In Japan, the media — as in all cases of brutal and unexpected crime — immediately focuses on every aspect. Stabbings in schools, assaults on streets, rape cases in universities . . . these are all accompanied by an outpouring of public grief, outrage, apology and sociological analysis not only in print but also on television's news, talk and variety shows.
Additionally, the approach in Japan is almost always uniform: What is it in our national makeup that has brought about this awful crime?
Of course, the individual character of the criminal and the circumstances leading up to the crime are discussed. The criminal's personal effects are divulged. Perhaps there is some clue there as to the criminal's motivation. Invariably, though, the conclusion is that this crime tells us something about where Japanese society is today. The criminal becomes a representative of all Japanese, who are, in some way, meant by the media to feel responsible — if not guilty.
I recall an incident in the mid-'90s when a newly married Japanese bride disappeared on her honeymoon with her Japanese husband in Queensland, Australia. It was feared she had been abducted, and the state police went into overdrive trying to track her and the abductor down. Then, a few days later, she reappeared, totally unharmed, declaring that she'd had second thoughts about her new husband and had taken off into the bush rather than spending a night in a hotel beside hubby.
The police were friendly and courteous, and the whole affair (including, I suspect, the marriage) was considered over before it started.
But then, the very next day, a Japanese movie-producer friend called me to say that he was really sorry about the meiwaku (trouble) that lady had caused me as an Australian citizen.
"Meiwaku?" I said. "What do you mean? No one in Australia has any hard feelings over that."
"But I want to apologize to you for her behavior," he insisted.
I kid you not. He felt guilty for what she did. If she had been an Australian who did a similar thing in Japan, Australians would never have felt the need to apologize for her. Quite the opposite — they would have said "Good on yer" and had a whip around to help her pay for her divorce.
After the sarin attack in Tokyo, talk-show pundits agonized about how science graduates from top Japanese universities, as a number of the terrorists were, could have come to commit such a heinous act. Is there something wrong with our educational system? Are we bringing up our children in the correct way? In other words, by feeling responsible themselves as members of Japanese society, they were able to focus on positive steps to improve aspects of society that might have led to the crime.
In the United States, the august "Theory of the Bad Apple" holds sway. Serial killers, for instance, are seen as isolated, perverted individuals lacking in human decency and compassion. Their very existence proves to Americans the essential apple-pie goodness of the vast majority of their compatriots.
As a result, the crimes of Timothy McVeigh and his collaborator (or collaborators) were discussed and analyzed as aberrations. U.S. society was not prepared to scrutinize and eventually rout armed rightwing militias, which still remain the greatest single terrorist threat to "the homeland."

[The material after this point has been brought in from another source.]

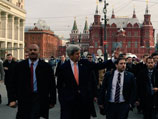 Госсекретарь США Джон Керри во время своего официального визита в Москву, как и во время своего прошлого приезда в декабре прошлого года, нашел время для прогулки по центру российской столицы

Who is to blame, the bent individual — "one of them" — or all society — "one of us"?
Clearly there is an element of truth in both approaches to crime. Yet, considering its gross presence on American streets compared to the safety of Japanese cities, I would suggest that the latter approach is the one that works best for all of us.

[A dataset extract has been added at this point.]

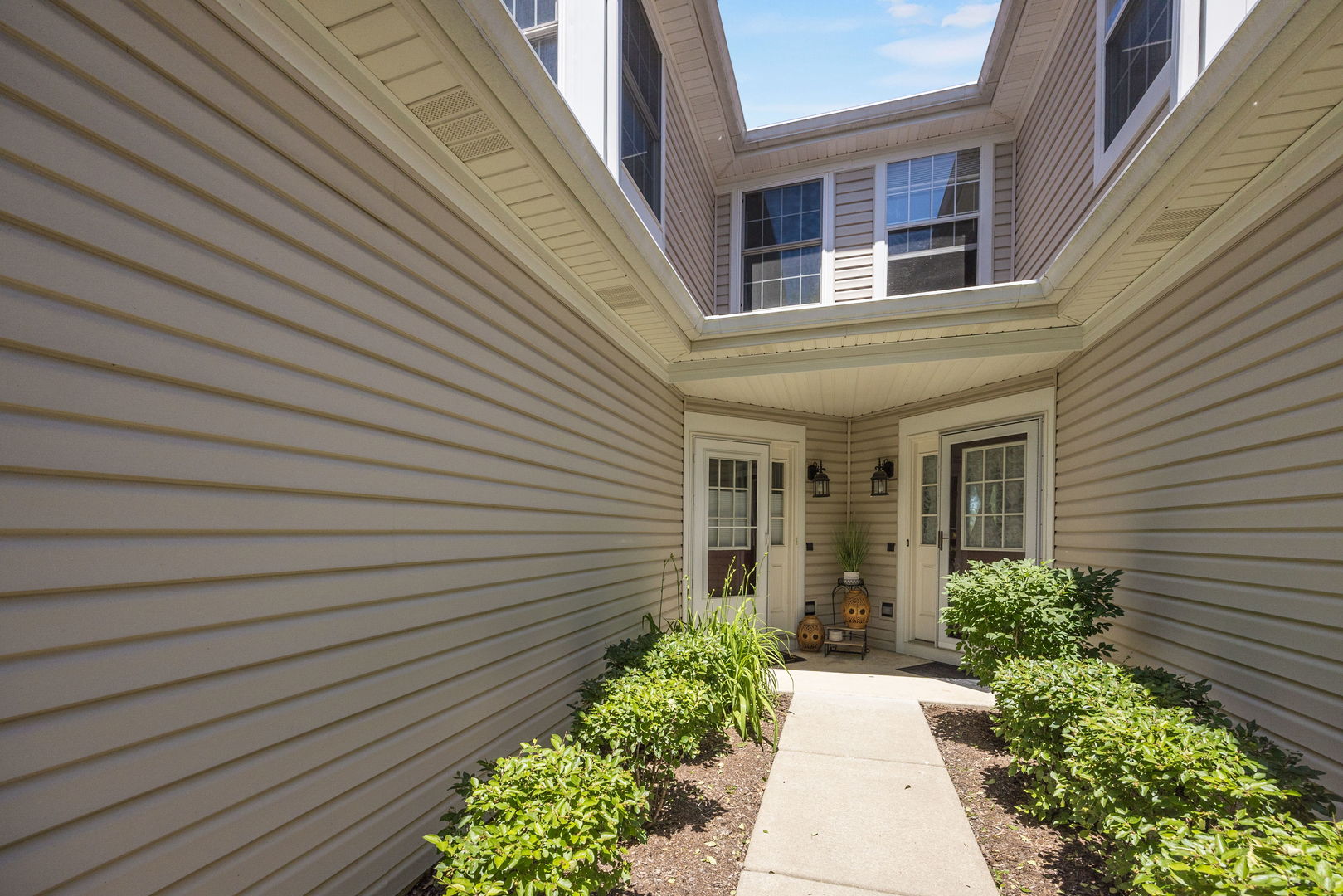149 Polaris Drive #149, Lake In The Hills, IL 60156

When a reprehensible crime occurs, we should ask ourselves over and over again: How did we do this? How did we allow this to happen? How can we all prevent this from happening again? The old blame game proves an ineffective ruse, unless we turn the interrogation light onto ourselves in the process.
All the world today may be, to borrow Juvenal's phrase, "in the circus." But the difference between our world and that of ancient Rome is that there are no more spectators. We have all been thrown into the ring. We can all be victims at any time, as we can all be perpetrators for the things done in our name.
Recognizing that at least allows us to take the first all-important step out of the ring.